(The problem) Write out exactly the lines from the one holding "I'm not sure" to the last line of the entries, both ends included and nothing else, without the pictures.

Stored items
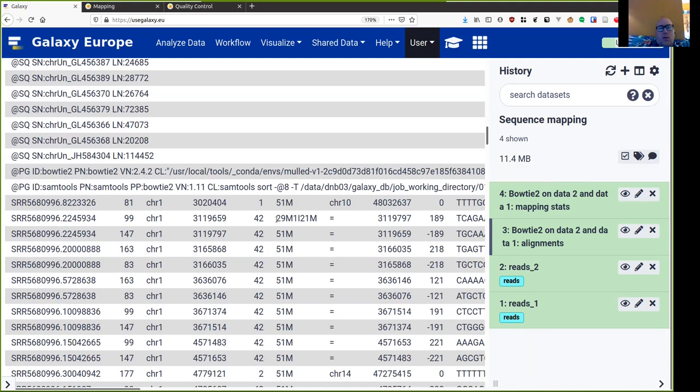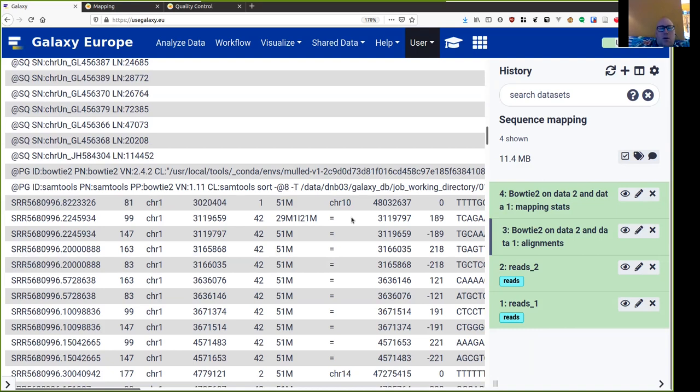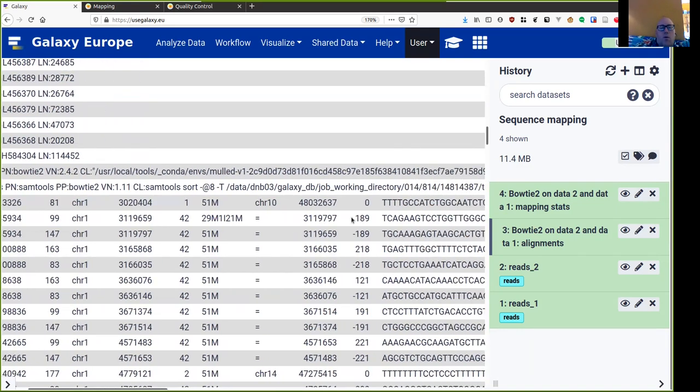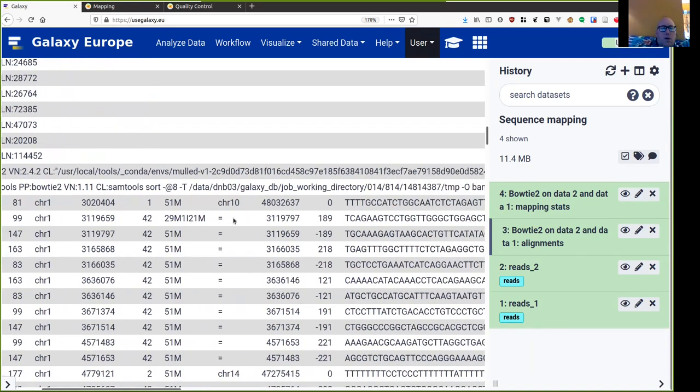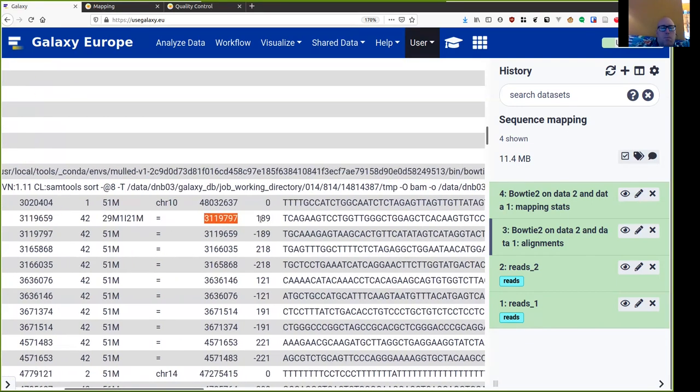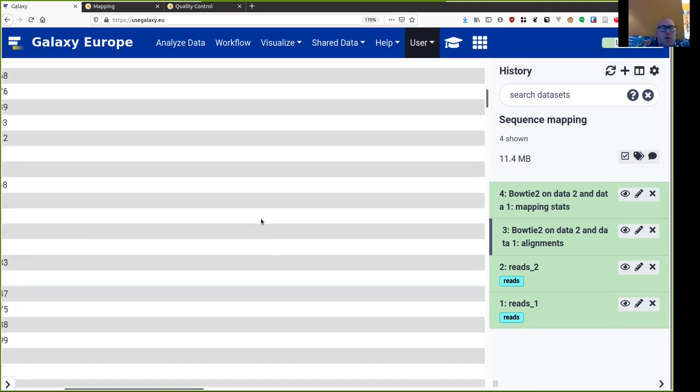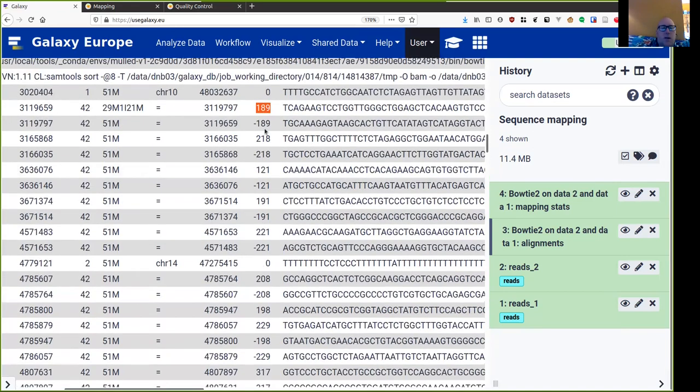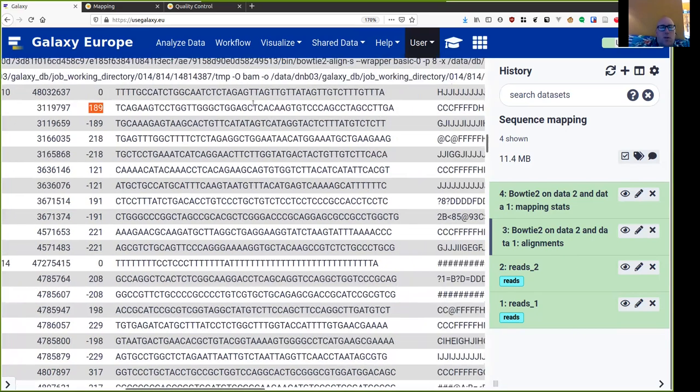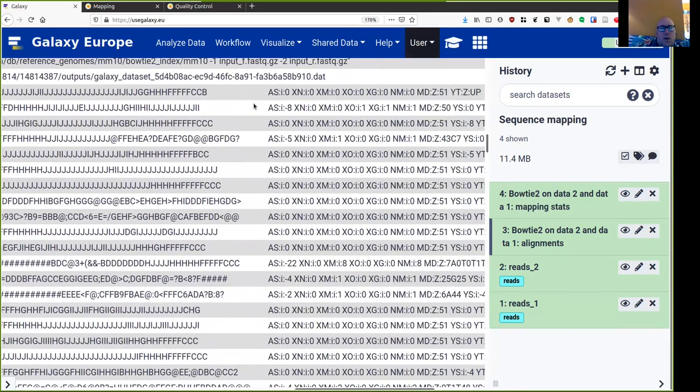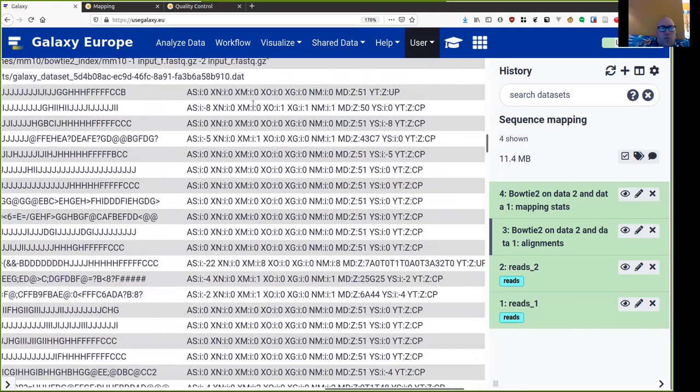And then we get the so-called cigar string. Now cigar string tells us something about matches and mismatches. So we see here 51 matches. Over here we see 21 matches, one insertion, and then another 21 matches. Then which reference sequence was matched by the pair, but it was the same one, and the pair is matched at this position. And then we get this insertion sequence size, and that's basically related to the fragments that we were sequencing, and therefore the gaps between the different reads. Then the read sequence itself, its quality, and some further information.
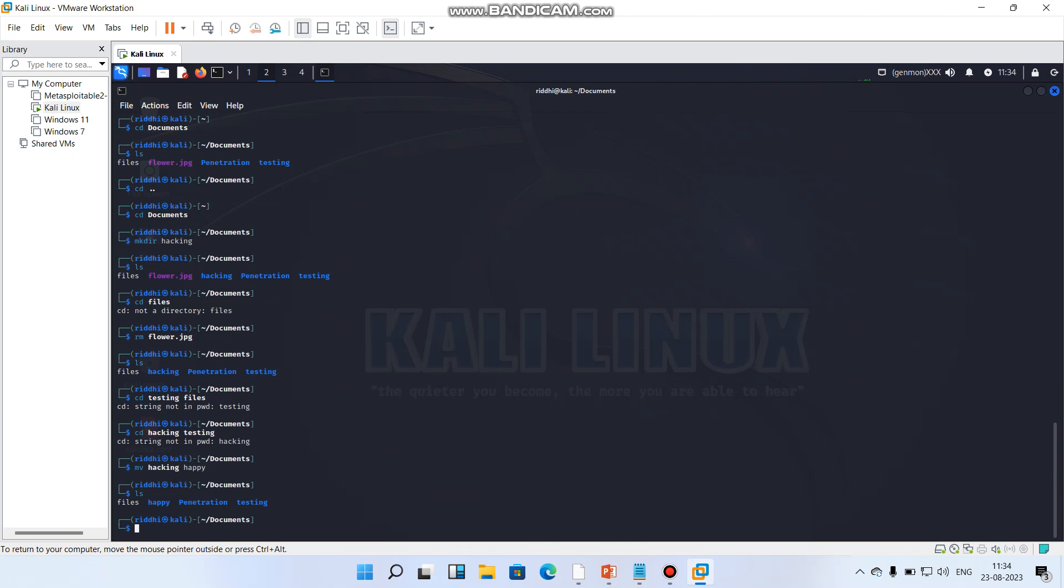So instead of hacking, its name is changed as happy. Hope you like this tutorial. Please do the practice, and the next video will come soon. Comment below how you like the video because these two videos are very much basic for those students who are starting Kali Linux for the first time. Hope you enjoyed this video, thank you so much.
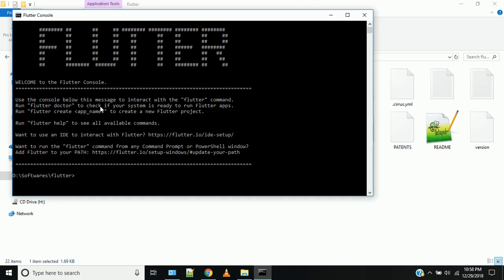You can run flutter doctor to check if your system is ready to run Flutter apps. Make sure you have an internet connection. Run Flutter Doctor — that is the correct command. Now it is running.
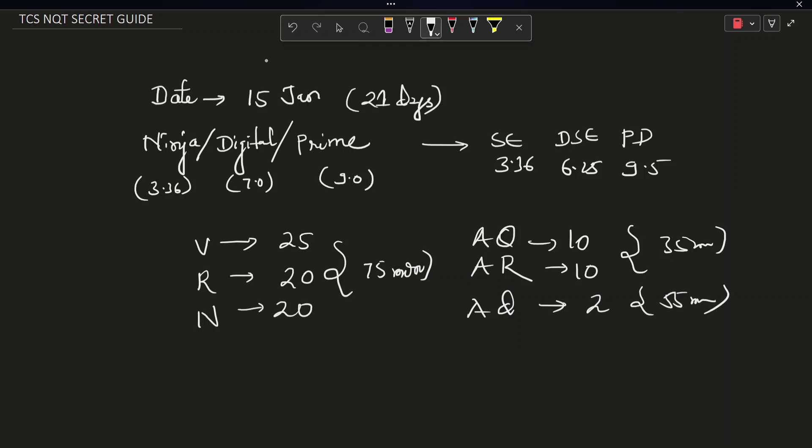So let's see how many questions you exactly have to solve for Ninja, Digital and Prime. For Ninja, you have to just focus on this. If you get distinction in this, you will get the Ninja role.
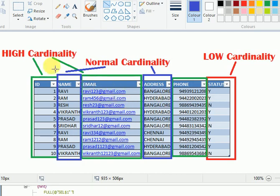High cardinality means the number of unique records equals the total number of records for the entire table. If you look at addresses and names, some people will have the same address and some will have the same name — that kind of information is called normal cardinality.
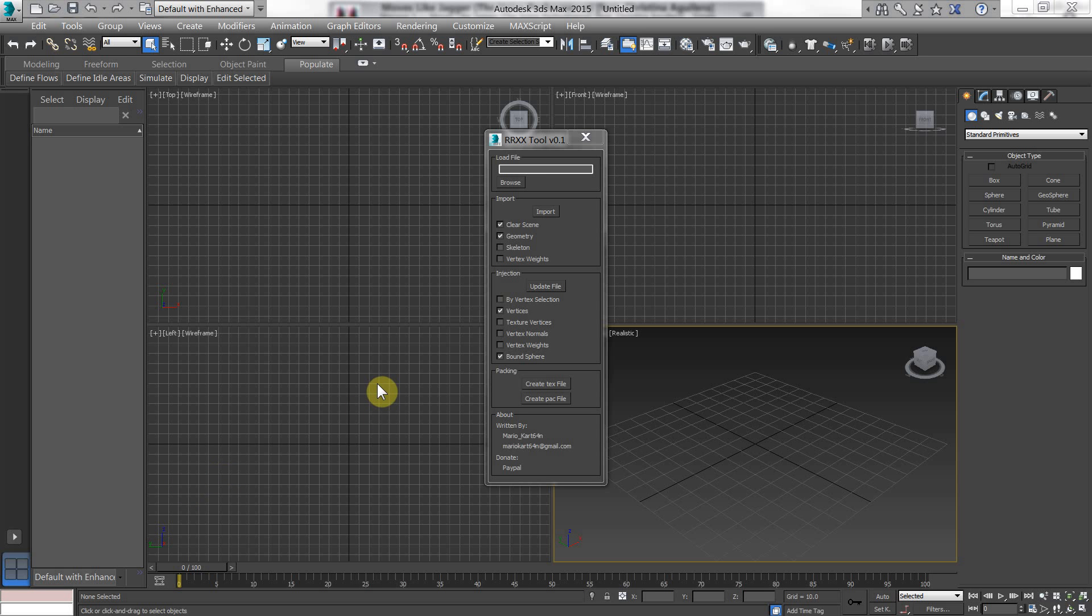Hey guys, I'm just going to do an overview of this Max script that I wrote. I wrote it for Rumble Roses Double X. The only thing about that is it's an exclusive Xbox 360 game, so if you're interested in modding it, you're going to have to work on the Xbox 360.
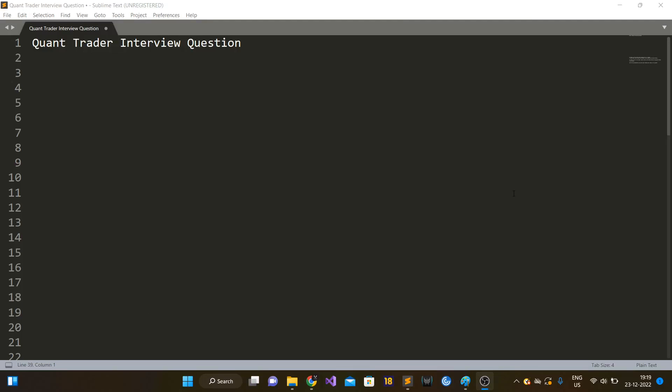Hi guys, so in this video I am going to talk about another quant trader interview question. This question is based on the concepts of probability and permutation and combination. So without wasting any time, let's jump into it.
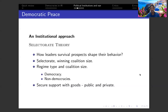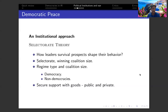Leaders secure their winning coalition by offering goods — either public goods or private goods. For democracies, leaders provide public goods because their winning coalition is much larger and they cannot provide private benefits to all citizens given limited resources. So they provide things like healthcare or national security — those are public goods. Private benefits are more likely in non-democracies, where the winning coalition is a lot smaller, making it feasible to provide specific benefits to a small circle of supporters.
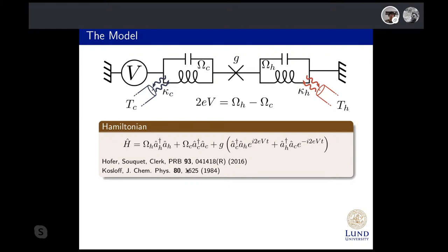We model our system mathematically starting from a Hamiltonian. This Hamiltonian contains the two harmonic oscillator terms — the A's are annihilation operators — and then there's a coupling term that looks like a beam splitter with time-dependent phases and coupling constant G. This coupling term arises from the Josephson Hamiltonian by various approximations. We crucially make use of the resonance condition throughout; if we go away from this, our Hamiltonian would no longer faithfully describe the system.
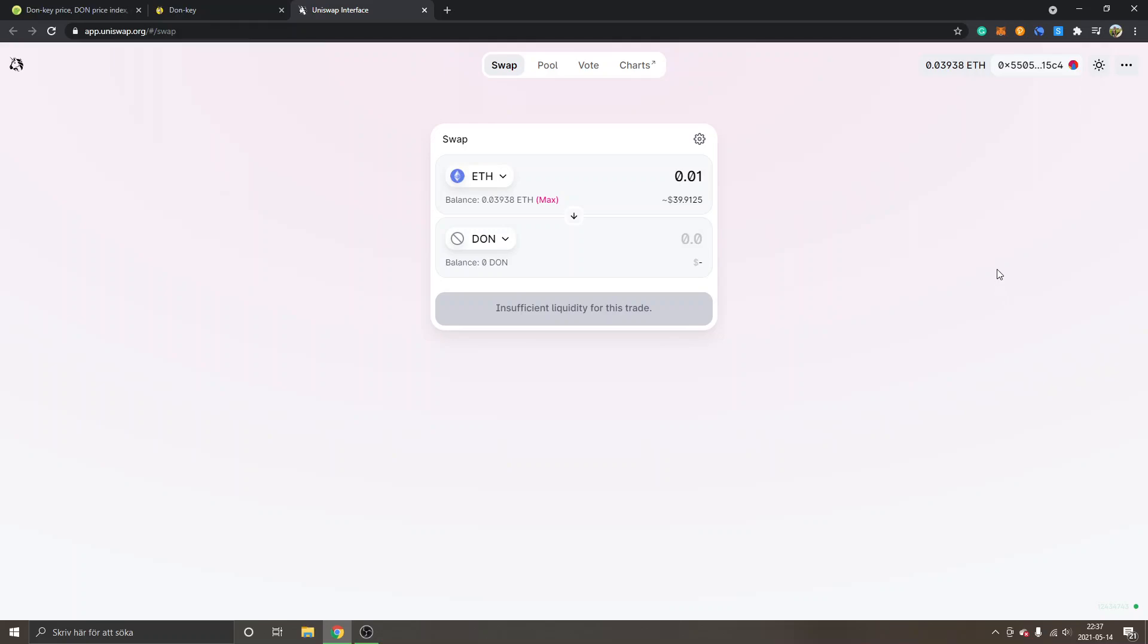I'm not sure exactly what the fees are right now on the Ethereum mainnet. They have been very high. Keep that in mind if you actually are interested in buying Donkey or using Ethereum mainnet and Uniswap as well.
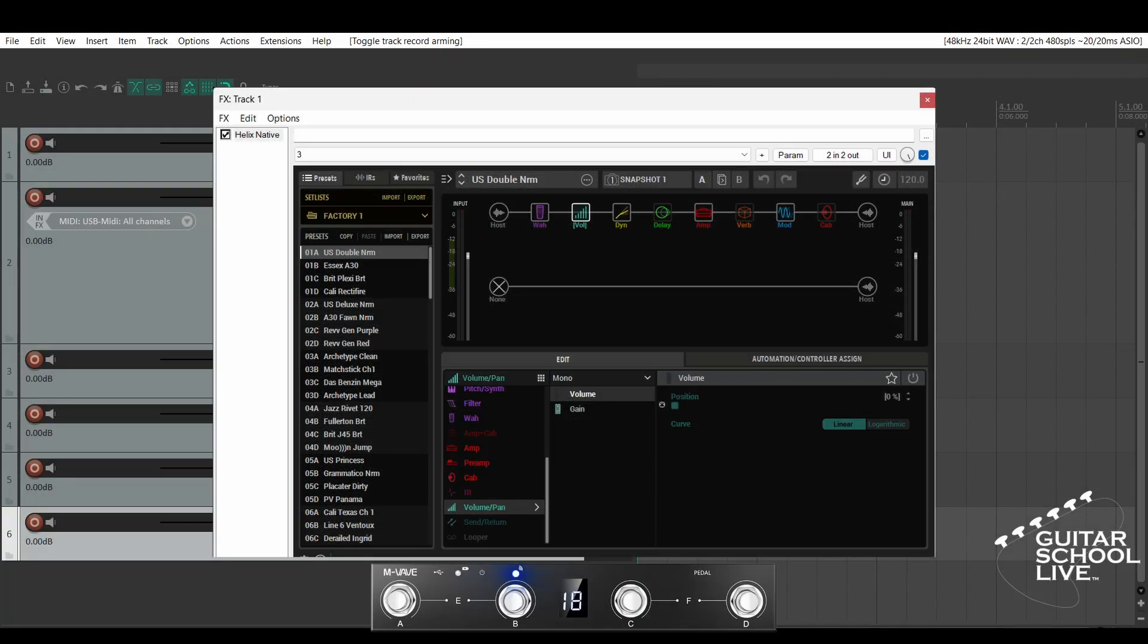Welcome to another video from Guitar School Live. In this video, I'll show you how to set up the M-Vave Chocolate MIDI foot controller to control the Helix native plugin in Reaper. Let's get started.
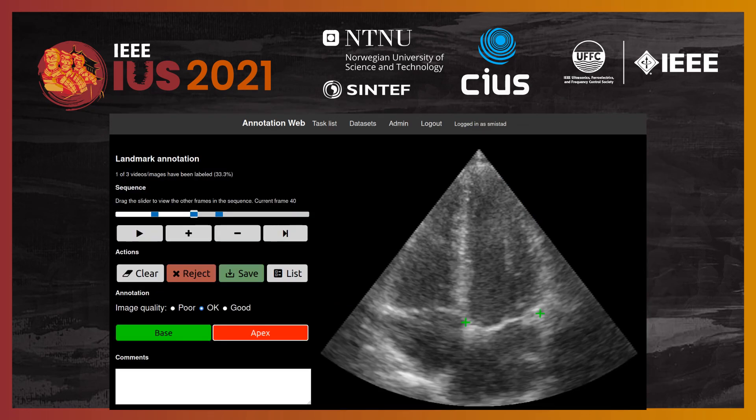And finally, here is the landmark annotation tool, which can be used to annotate specific landmark points.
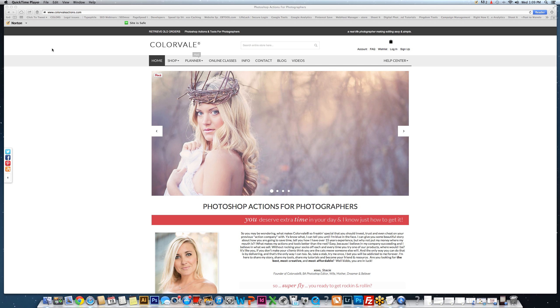Hi there, this is Stacey Jensen from ColorVal, and today I'm going to show you a tutorial that's been really popular. We showed it in Photoshop Elements last time.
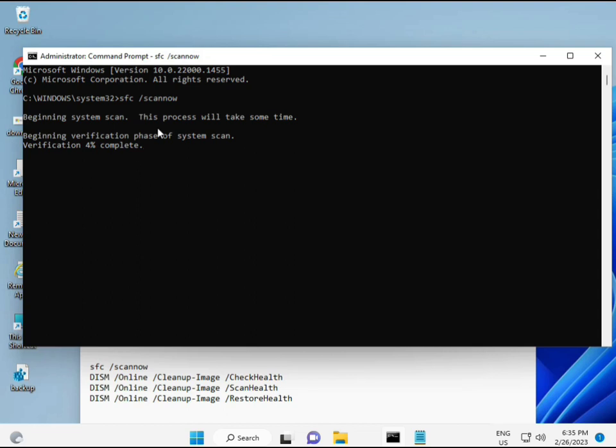When you enter some percentage will start and find out any corrupted file. And then second also checks health of your computer, and third also checks, and fourth restores your health. So all four commands are very important for your computer.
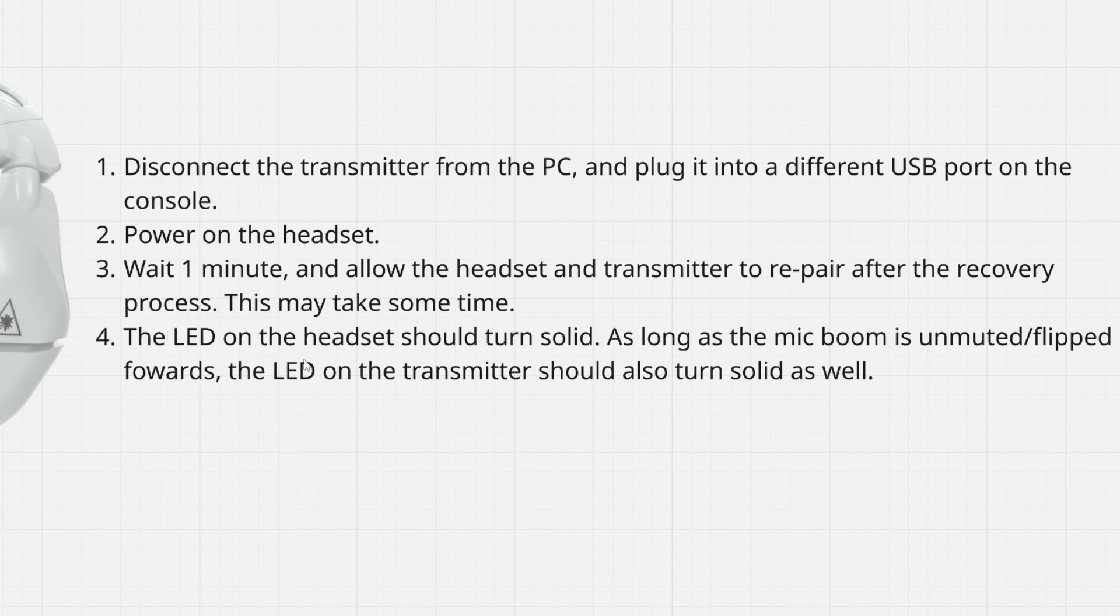The LED on the headset should turn solid. As long as the mic boom is unmuted and flipped forwards, the LED on the transmitter should also turn solid as well.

(Answer section)
I'm not sure exactly what the fees are right now on the Ethereum mainnet. They have been very high. Keep that in mind if you actually are interested in buying Donkey or using Ethereum mainnet and Uniswap as well.
Welcome to another video from Guitar School Live. In this video, I'll show you how to set up the M-Vave Chocolate MIDI foot controller to control the Helix native plugin in Reaper. Let's get started.
And finally, here is the landmark annotation tool, which can be used to annotate specific landmark points.
Hi there, this is Stacey Jensen from ColorVal, and today I'm going to show you a tutorial that's been really popular. We showed it in Photoshop Elements last time.
When you enter some percentage will start and find out any corrupted file. And then second also checks health of your computer, and third also checks, and fourth restores your health. So all four commands are very important for your computer.
The LED on the headset should turn solid. As long as the mic boom is unmuted and flipped forwards, the LED on the transmitter should also turn solid as well.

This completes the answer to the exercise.